I watched a BBC police procedural the other night---Unforgotten--about a team who investigates cold cases.
In one sitting, I watched all six episodes of season 4 (because that's the one I ran across). In this season, Phaldut Sharma, a British Indian actor, plays a dark, handsome, and damaged suspect.
Hey, he could play Heathcliff, I thought.
Emily Bronte described Heathcliff as a Lascar (Indian sailor in the British Navy), or a gypsy.
In Wuthering Heights (1847), Catherine Earnshaw's father found the child Heathcliff wandering homeless in Liverpool--"a world centre for slave-trading during the period in which the novel is set.
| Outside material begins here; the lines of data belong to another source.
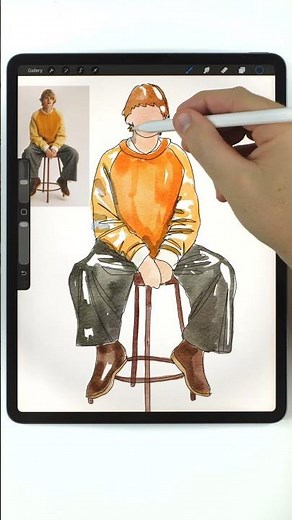how to paint people in procreate. urban watercolor sketching people #painting #paintingtutorial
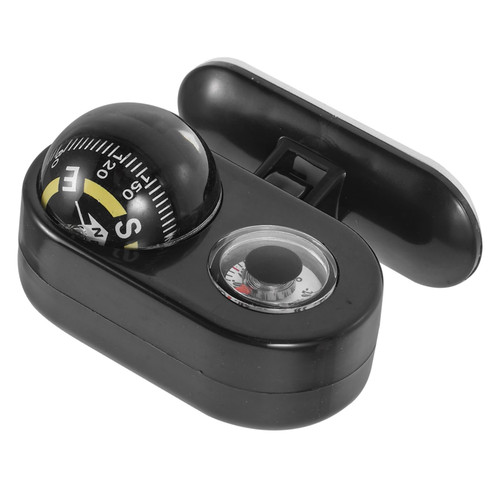 COOLHIYA Guide Ball Thermometer Dashcams Small Boat Compass Boat Compass Surface Mount Dash Mount Compass Boat Compass for Marine Dash Mount Marine Compass for Boats Car Gift Plastic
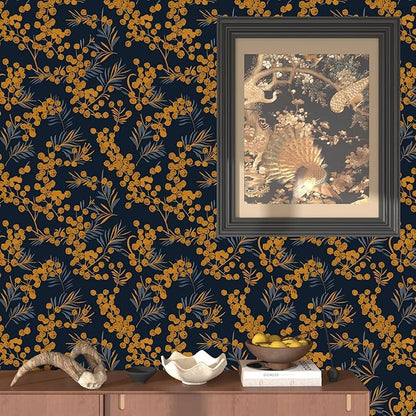 Boho Wallpaper Peel and Stick Leaf Wallpaper for Kitchen Vintage Contact Paper 17.5" x 393" Waterproof Vinyl Self Adhesive Dark Floral Wall Paper for Bedroom Walls Cabinet Locker Decor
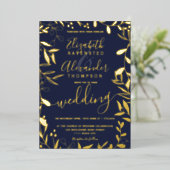 Elegant chic navy blue floral bruiloft folie uitnodiging (Staand Voorkant)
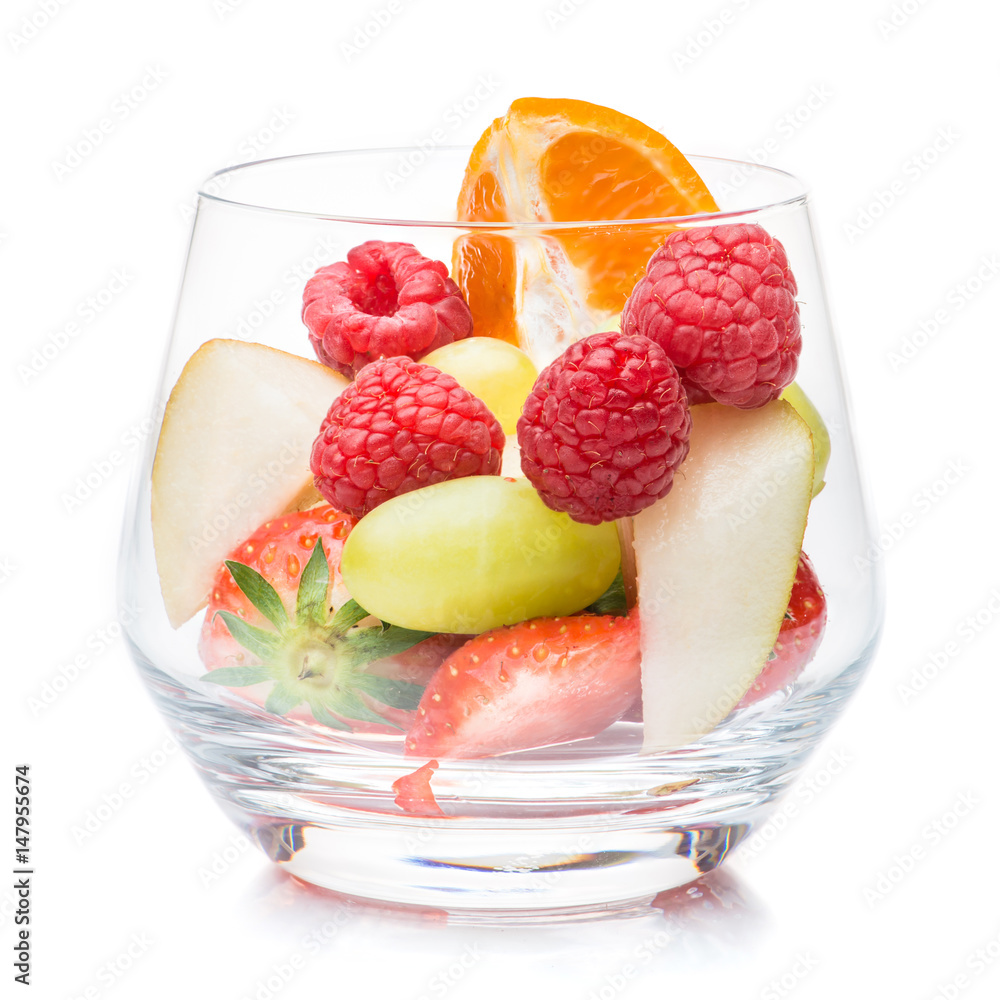 Pieces of raspberries, strawberries and tangerines Pieces of raspberries, strawberries and tangerines
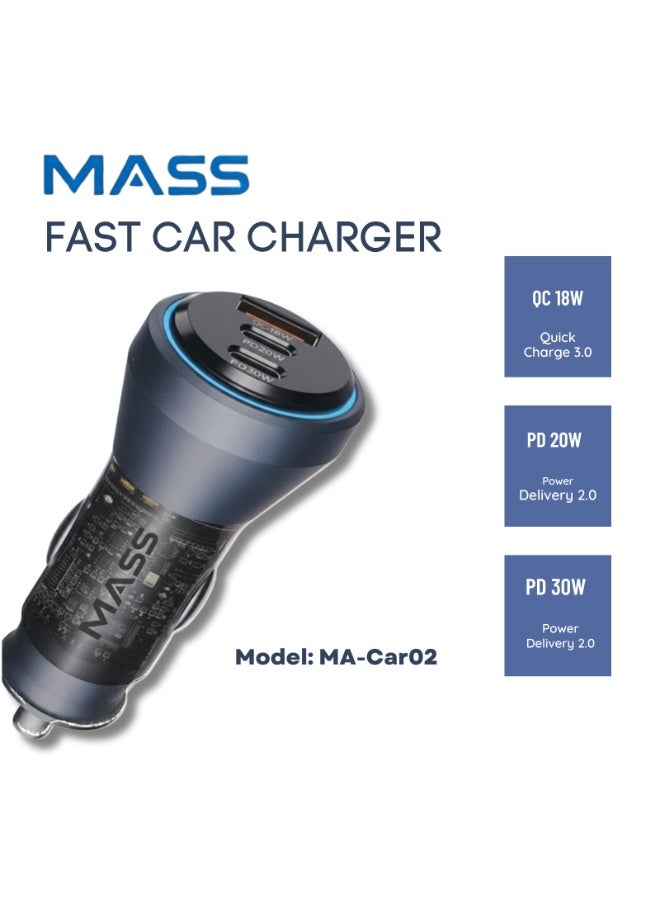 ماس شاحن سيارة MA-Car02 بثلاثة منافذ USB، يدعم الشحن السريع PD بقوة 30 واط و20 واط، والشحن السريع QC بقوة 18 واط، متوافق مع الهواتف الذكية والأجهزة اللوحية، لون أسود - ضمان محلي لمدة عام - Image 3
. . . The novel is set in 1801, when Liverpool handled most of Britain’s transatlantic trade in enslaved people."
––Article [I fixed this wrong link], "Was Heathcliff Black?"
The “Was H Black?” link goes elsewhere.
ReplyDeleteWhatever H is, he is, in the world of the novel, other.
Darn—I’ll fix the link—thanks for telling me.
ReplyDeleteYeah, he’s very much other!
Does it really matter what colour Heathcliff was? The story would still be good wouldn't it?
ReplyDeleteI think you are spot on.
ReplyDeleteWas Wuthering Heights perhaps a social study of the race and class issues of the times?
ReplyDeleteWe loved "Unforgotten"!
ReplyDeleteRIVER: Heathcliff's color matters *in* the story itself--it's mentioned several times and is one of the things some the other characters hold against him.
ReplyDelete(Also, he is an outsider, a powerless, penniless orphan.)
It's interesting to try to envision what characters look like, and since Heathcliff's usually portrayed by white actors, I enjoyed finding an actor who looks more like the way the author, Emily Bronte, described her character.
GZ: Good to know.
CROW: I sure do wonder what Emily Bronte intended... I'm not sure anyone knows? She died at thirty, shortly after her only novel was published, she having had little contact with others outside her family circle.
Have you read Wuthering Heights?
I thought it was authentically and surprisingly weird---sort of like the twisted trees that grow on the moors, bent into strange shapes by the wind.
STEVE: I've started season one now and am liking it a lot.
RIVER: P.S. The story would be good no matter what color Heathcliff was, you're right, but Bronte adding his color adds a layer of complexity, like a teaspoon of vanilla in a cake.
ReplyDeleteI should probably read the story, but tried another of Bronte's years ago and found it didn't suit me. Too long-winded I think, my brain is not zippy enough to take all that in and digest it.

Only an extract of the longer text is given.